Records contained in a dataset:
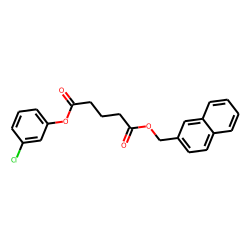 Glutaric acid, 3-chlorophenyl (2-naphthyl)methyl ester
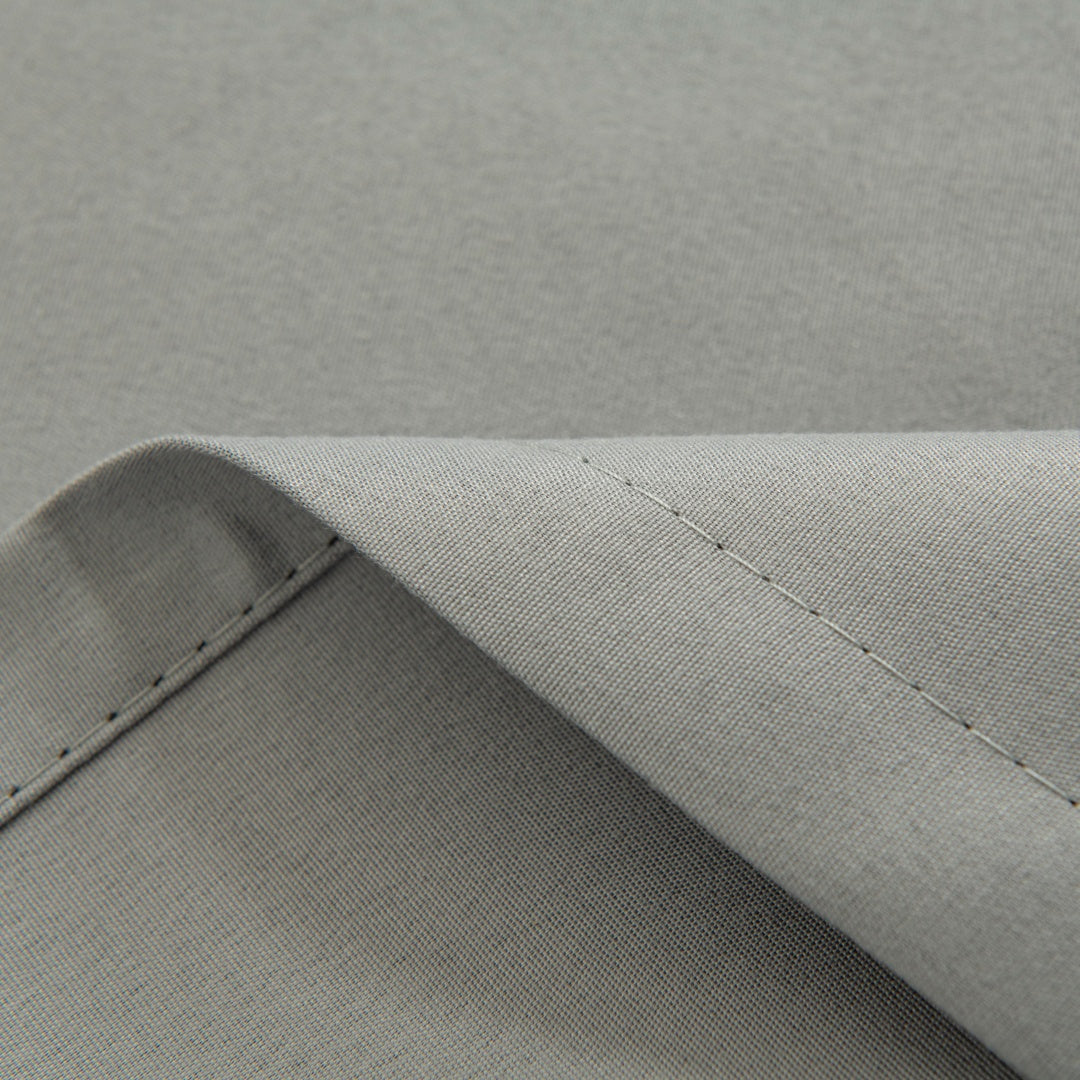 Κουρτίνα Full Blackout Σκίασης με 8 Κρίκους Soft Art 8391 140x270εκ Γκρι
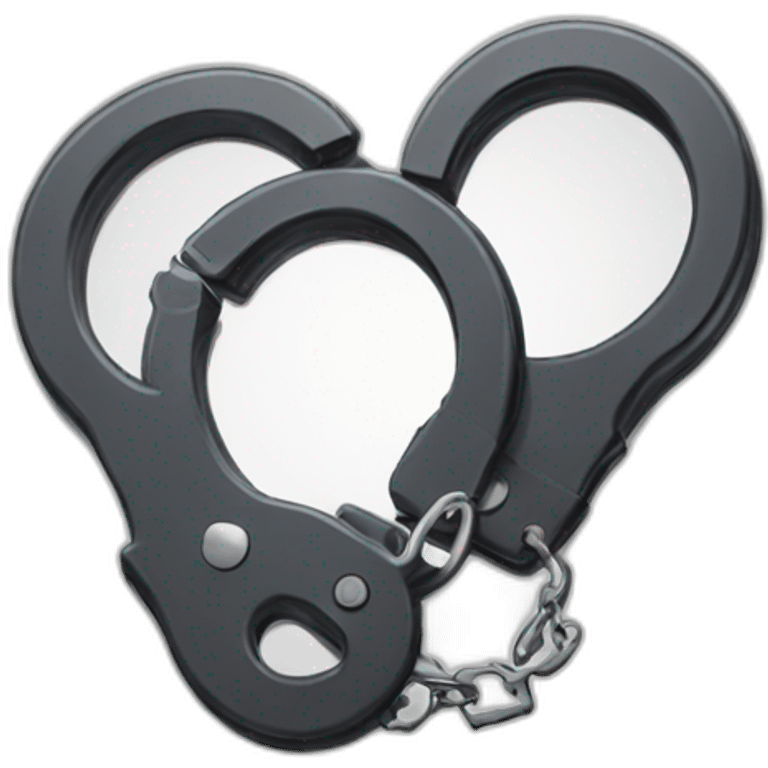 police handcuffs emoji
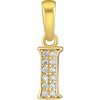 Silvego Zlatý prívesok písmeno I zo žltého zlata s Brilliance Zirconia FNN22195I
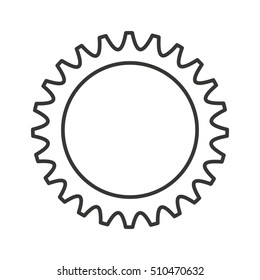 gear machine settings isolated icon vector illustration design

__ABOUT THIS TASK__
No pictures should appear in the copy. Print exactly the lines above from the line containing "Silvego Zlatý prívesok" through the last line of the data.

__ANSWER TO THE EXERCISE__
 Silvego Zlatý prívesok písmeno I zo žltého zlata s Brilliance Zirconia FNN22195I
 gear machine settings isolated icon vector illustration design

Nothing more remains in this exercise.